= Muirceartach Ua Peatáin =

Muirceartach Ua Peatáin (fl. 1178) was an Irish chief.

==Biography==

Ua Peatáin was a member of the Cinel Moain who was killed in 1178 in an attack in revenge for the death of Randal mac Eachmarcach Ua Cathain (see Ó Catháin. Writing in 1971, F.B. Payton believed that "Muirceartach ... was of some eminence amongst the Cinel Moain, probably the chief of the name, since usually only persons of importance are mentioned in the Annals." The person killed alongside him, Galagh Ua Luinigh, was of a family who were once chiefs of Cenél Máién (commonly known as the Cenél Moan).

==Family background==
An account of the family was preserved by Dubhaltach MacFhirbhisigh, who recorded that they descended from one Fianbheartach mac Endalaig, a gr-gr-gr-gr-grandson of Niall of the Nine Hostages. Fianbheartach was the ancestor of the Cenél Moen Iochtarach, while his brother, Tendalach, was ancestor of the Cenél Moen Uachtarach.

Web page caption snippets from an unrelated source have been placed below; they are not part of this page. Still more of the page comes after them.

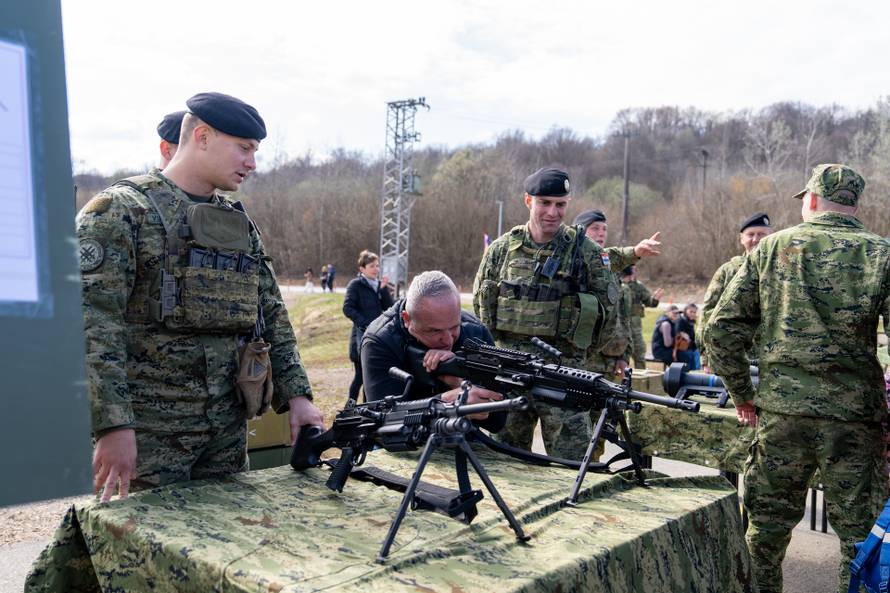 Svečana prisega ročnika na temeljnom vojnom osposobljavanju u Slunju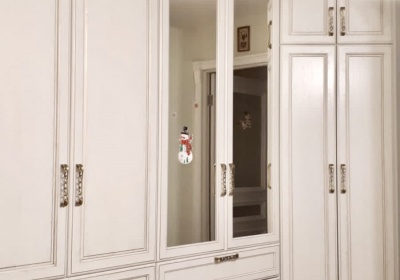 Классический шкаф в гостиную с рабочим столом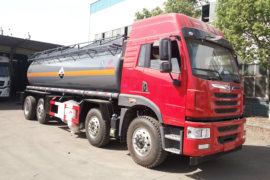 青岛解放底盘&nbsp;液体运输车外观图片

Fianbheartach's great-grandson, Gairbheth son of Dongaile mac Tuathgaile, was the ancestor of the Ó Gairbeth and Ó Peatáin families. The Uí Peatáin resided in what is now the barony of Raphoe in County Donegal, regularly in dispute between the rival clans of Uí Domhnaill and Uí Neill. Payton states that most of the Cenél Moen families were driven out of their homeland and east over the Foyle river - "This journey was probably completed by the end of the 13th century, and the O Gormley's, chiefs of the Cinel Moain, thereafter held sway over a territory which extended from Derry to Strabane."

By the 16th century members of the family were listed among the followers of the Uí Domhnaill. During the 17th century, some of the name removed to Connacht, their descendants being found in County Mayo and County Roscommon especially. By then, the surname was anglicised to Payton, Patton, and other variants.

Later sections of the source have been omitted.